Wednesday, December 7, 2011

Don't Shoot the Editor

Recently, I received a complimentary copy of a magazine with a piece I wrote.  It is a bi-monthly publication that has a daily Bible reading with a short reflection on that passage.  As a neophyte writer, it's still a novelty to see something I wrote in print, so I quickly browsed through the magazine looking for my contribution.  When I found it, I was disappointed.  The piece ends with a brief prayer, which they included as I had written, but then added the Lord's Prayer to fill the space remaining on the page.  I didn't like it.  It didn't fit the theme I was developing.  It felt cobbled, sloppily tacked to the end of what I had written.  It wasn't my voice.  I value the Lord's Prayer, but I don't use it rote in my own prayer life.  I would never have written that myself. It put me in a bit of a funk.

A few days later I received a copy of an edited article I wrote for a magazine coming out in February 2012. The editor asked me to look through her edits and reply with any feedback. As I read through the article, I found that none of the edits were substantive.  Small changes in word order, replacing vague pronouns with clear nouns, and rewording a couple sentences was the entirety of the editing.  Ninety-nine percent of the article was left untouched.  I felt validated as a writer, pleased that little was altered.  In this case, my voice would come through clearly, unaltered by a stodgy editor in a remote windowless cubicle.

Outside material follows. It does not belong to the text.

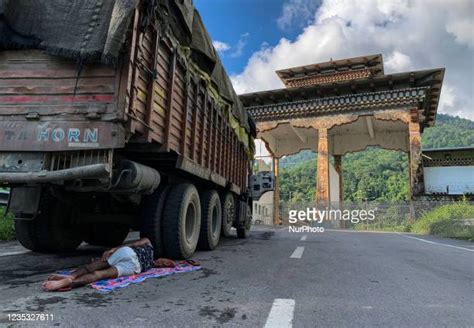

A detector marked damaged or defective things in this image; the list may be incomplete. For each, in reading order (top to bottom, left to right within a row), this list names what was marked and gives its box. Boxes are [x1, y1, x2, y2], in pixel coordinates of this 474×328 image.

Soon after, I read Psalm 131
    My heart is not proud, O Lord
       my eyes are not haughty;
    I do not concern myself with great matters or things too wonderful for me.
    But I have stilled and quieted my soul;
      like a weaned child with its mother,
      like a weaned child is my soul within me.

The weaned child as a picture of a still and quiet soul.  It's compelling.  Only my soul is decidedly not like a weaned child, stilled and quieted.  My soul is restless.  More like a suckling child, rooting for its mother's breast, frantic for nourishment, unsettled and impatient.  That's why I react so viscerally to any tampering with my writing.  It is an expression of the proud heart and haughty eyes that are resisted by the Psalmist.  Mine is an arrogant pen.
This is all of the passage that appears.